Only the lines from the one with "Skechers Classic Lite‎" through the final line below belong in the answer, copied exactly and without pictures.
::: Data segment :::
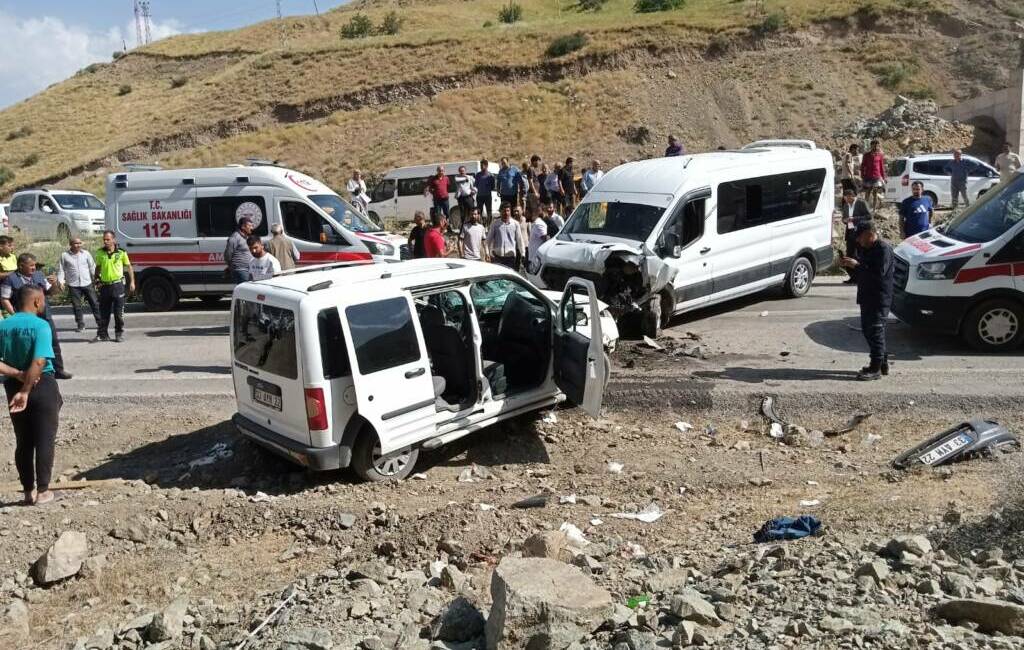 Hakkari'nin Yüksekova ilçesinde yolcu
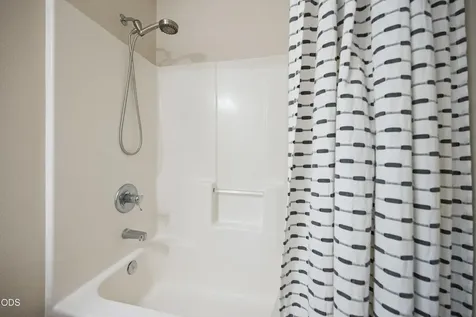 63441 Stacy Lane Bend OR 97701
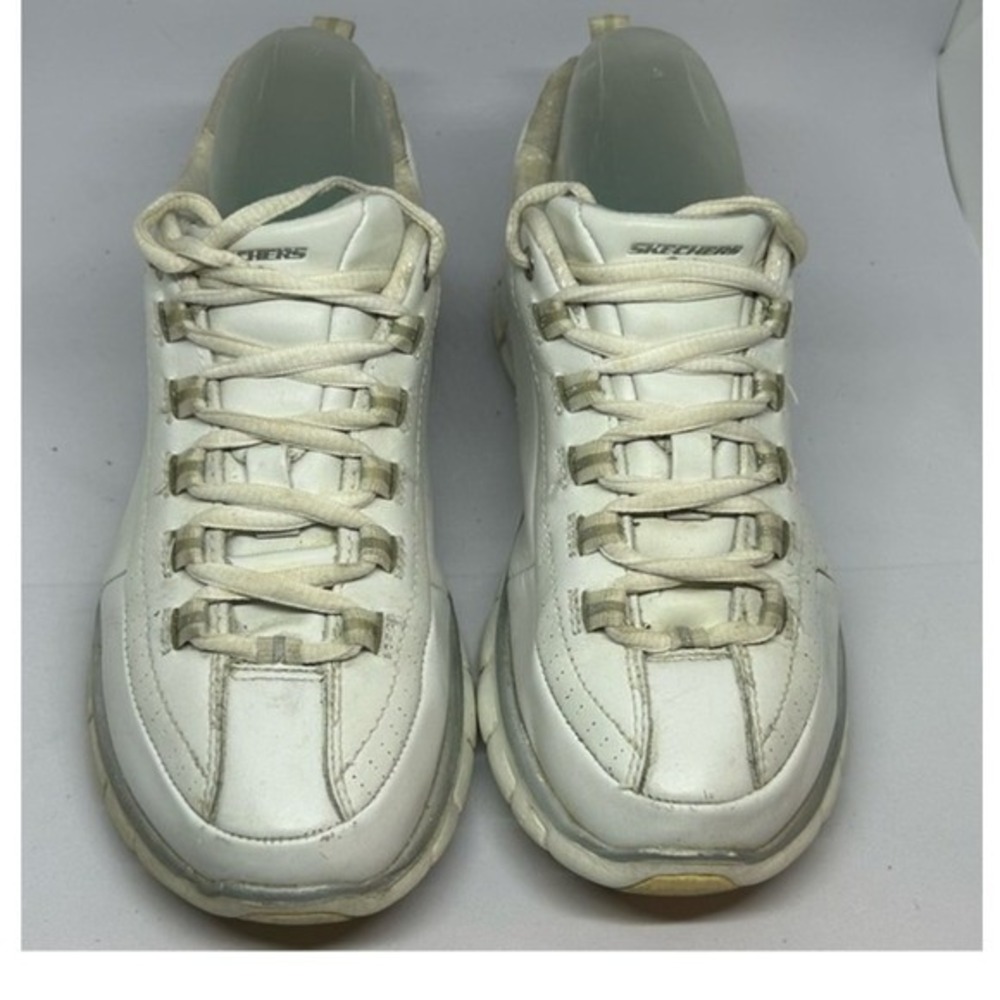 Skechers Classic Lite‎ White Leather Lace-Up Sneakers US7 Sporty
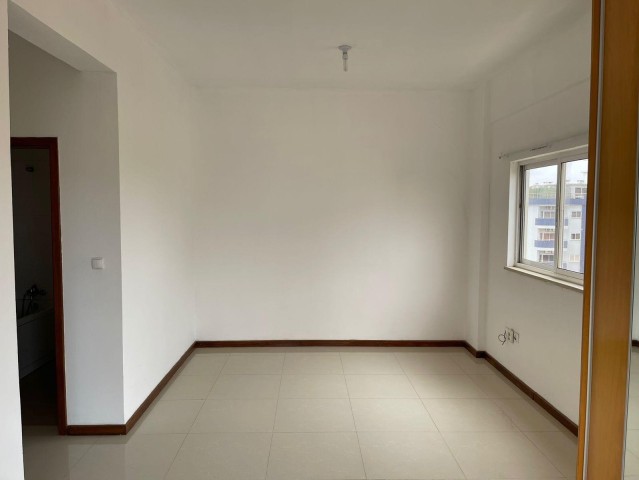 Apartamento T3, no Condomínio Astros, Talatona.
:::
Finished task -
 Skechers Classic Lite‎ White Leather Lace-Up Sneakers US7 Sporty
 Apartamento T3, no Condomínio Astros, Talatona.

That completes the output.